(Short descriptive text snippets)
++++++++++

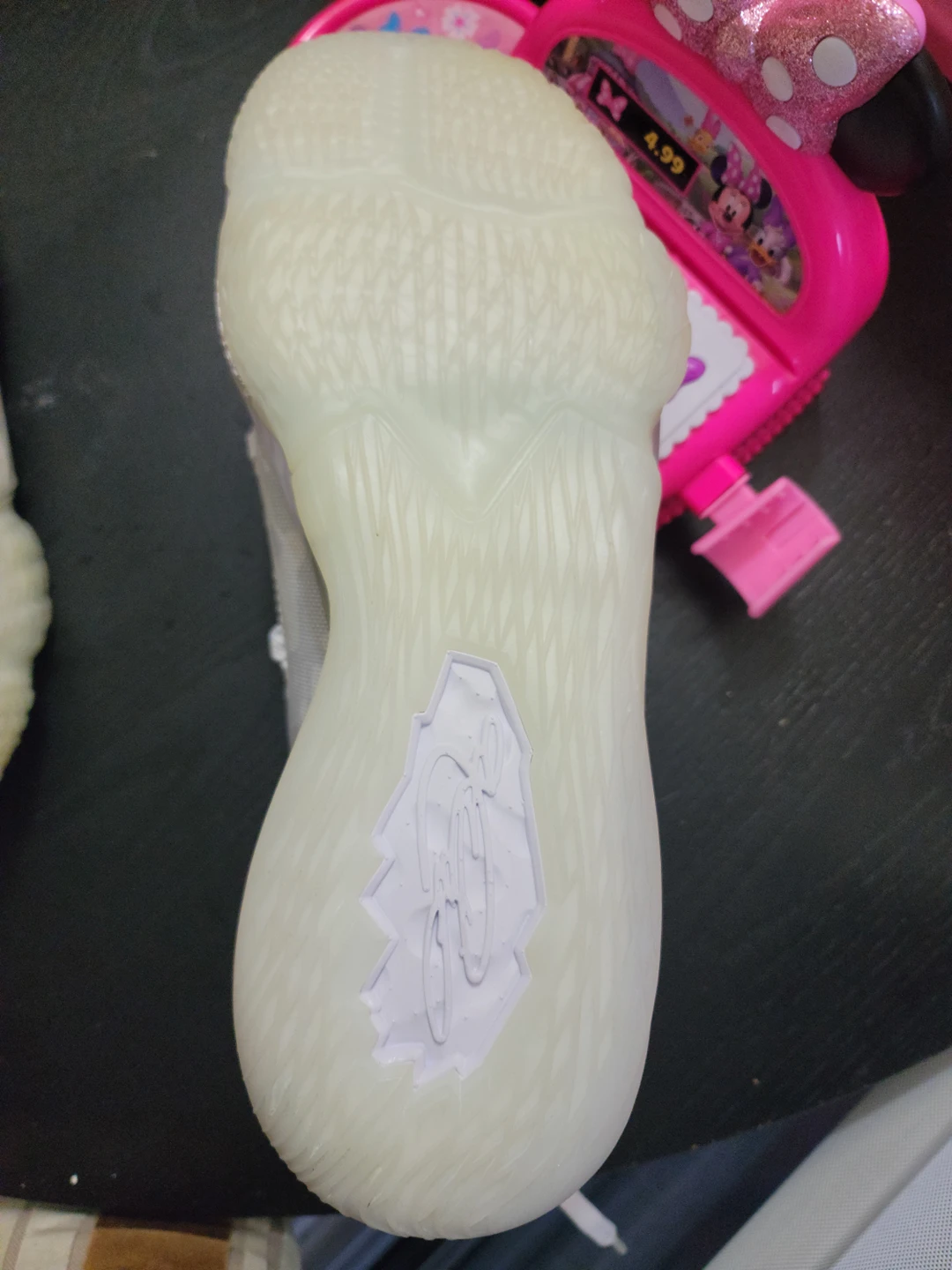 nike lebron 17 low white camo image indicator(3)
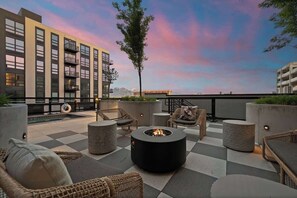 Terrace/patio - Downtown Salt Lake City Modern Retreat - Views + Pool + Sauna (Salt Lake City)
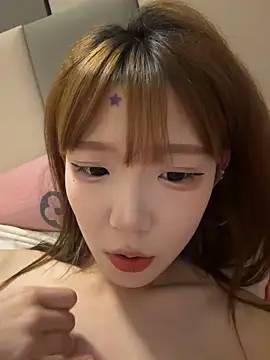 Linlian3 nude strip on cam for live sex chat
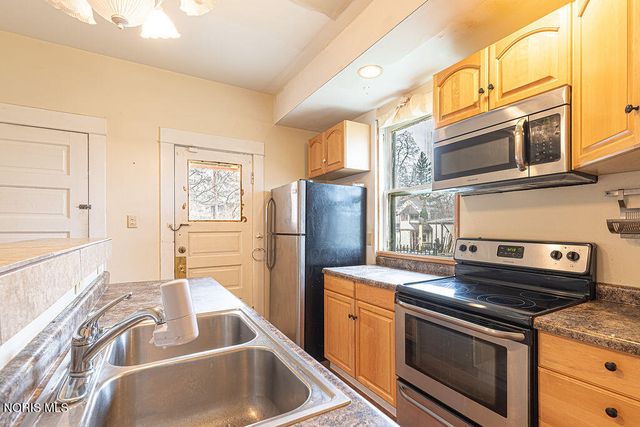 2534 Maplewood Avenue, Toledo, OH 43610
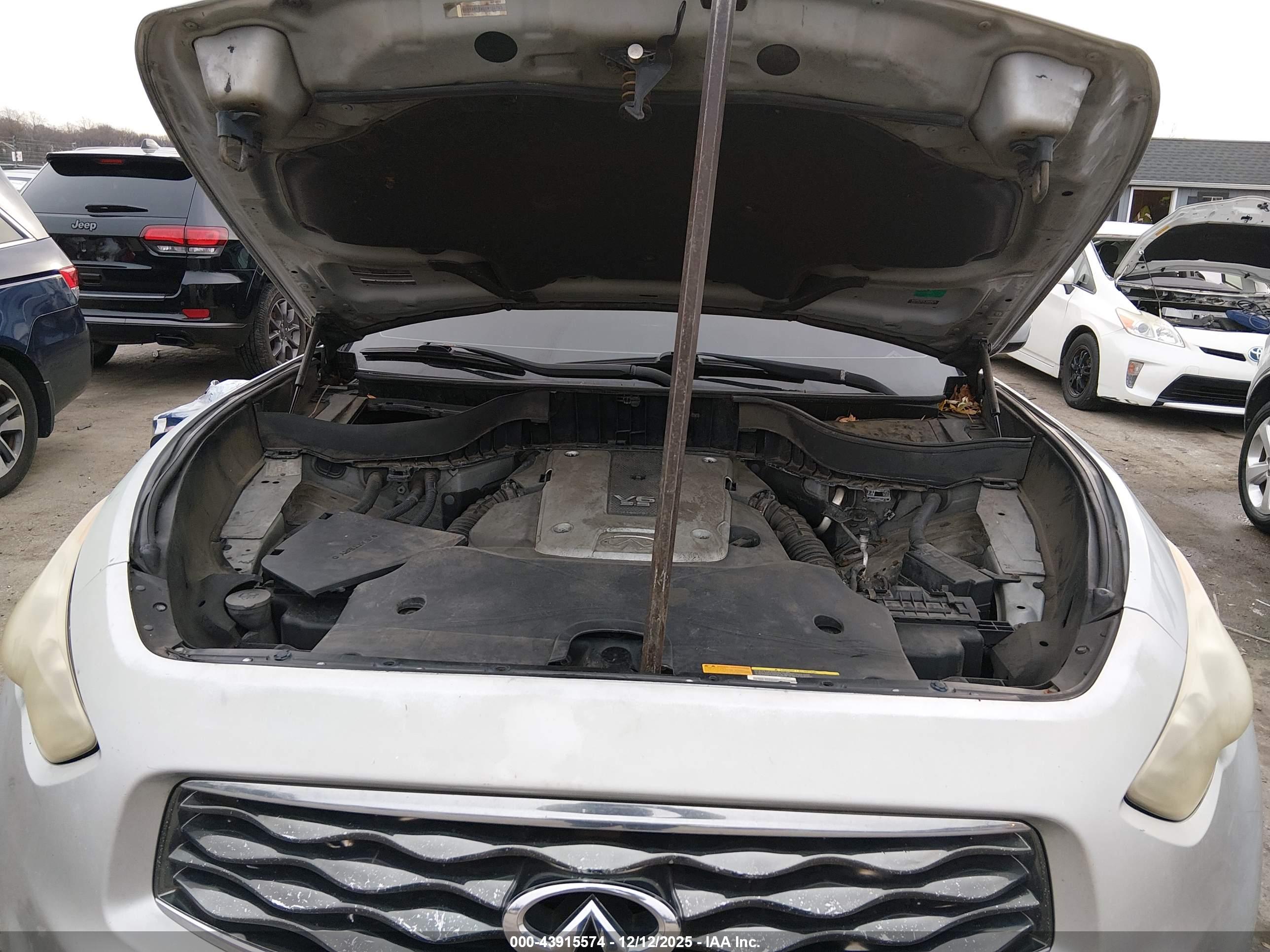 INFINITI FX35 image 10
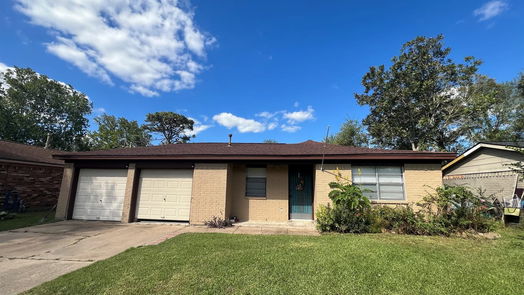 Angleton 1-story, 3-bed 520 W Mimosa Street-idx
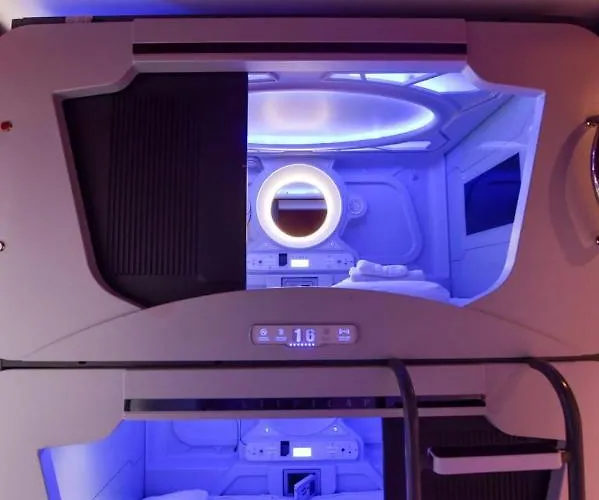 Atypicap Capsule Capsule hotel Puerto de la Cruz (Tenerife)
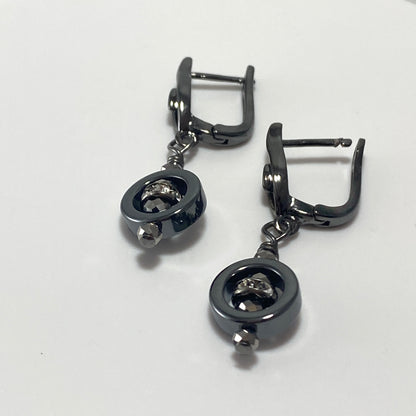 Boucles d'oreilles en hématite plaquée noire et cristaux tchèques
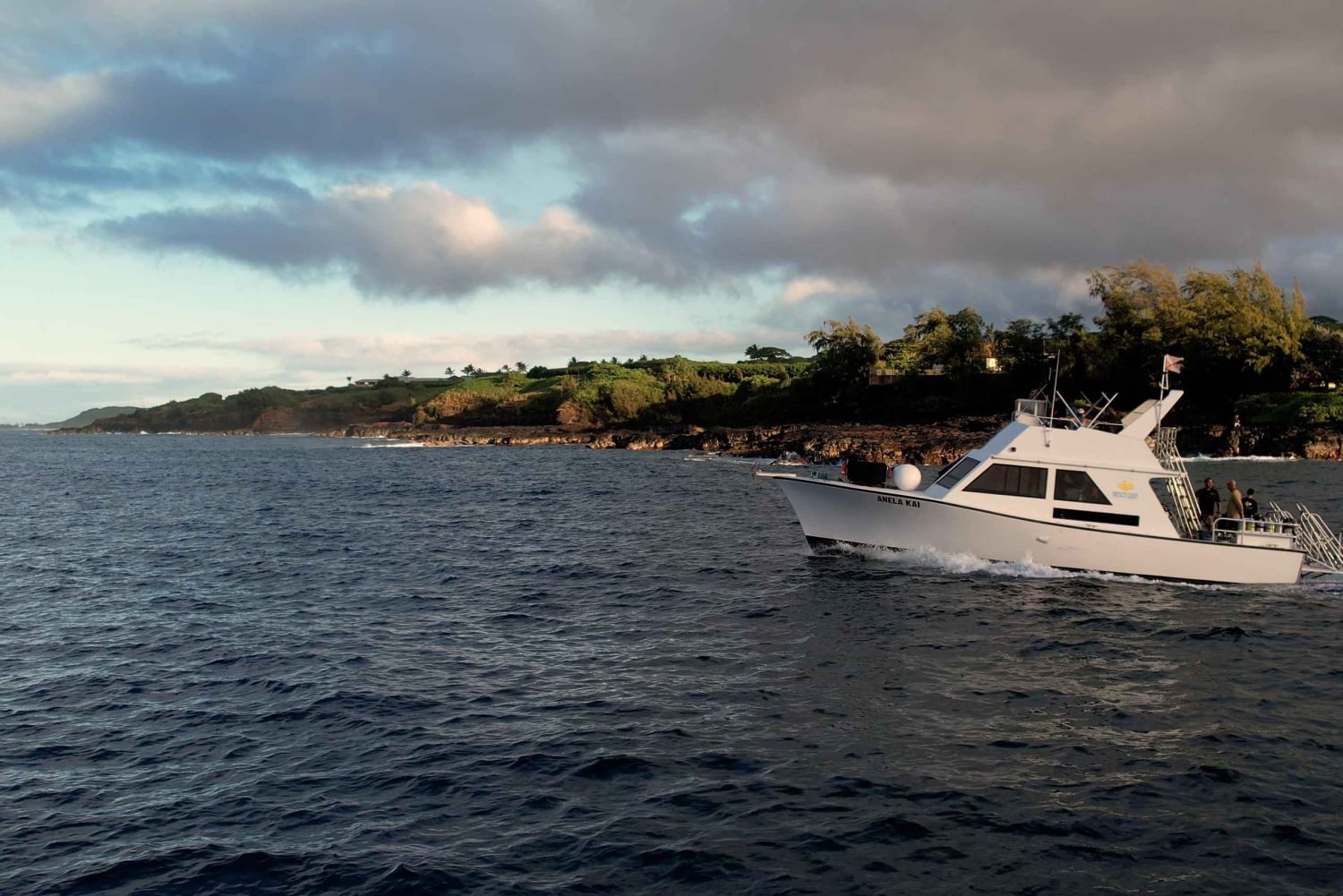 Kauai: Inmersión matinal en barco con 2 botellas para buceadores experimentados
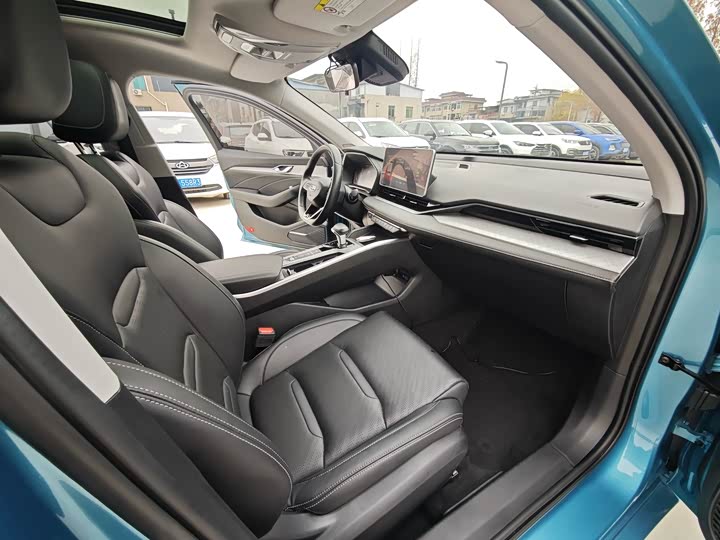 Фото 8 - Geely Preface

++++++++++

- [Exercise objective]:
Exactly as they appear, repeat the lines from the one containing "Atypicap Capsule Capsule" through the last line of the entries, counting both ends. Pictures stay out.

- [Output for this exercise]:
 Atypicap Capsule Capsule hotel Puerto de la Cruz (Tenerife)
 Boucles d'oreilles en hématite plaquée noire et cristaux tchèques
 Kauai: Inmersión matinal en barco con 2 botellas para buceadores experimentados
 Фото 8 - Geely Preface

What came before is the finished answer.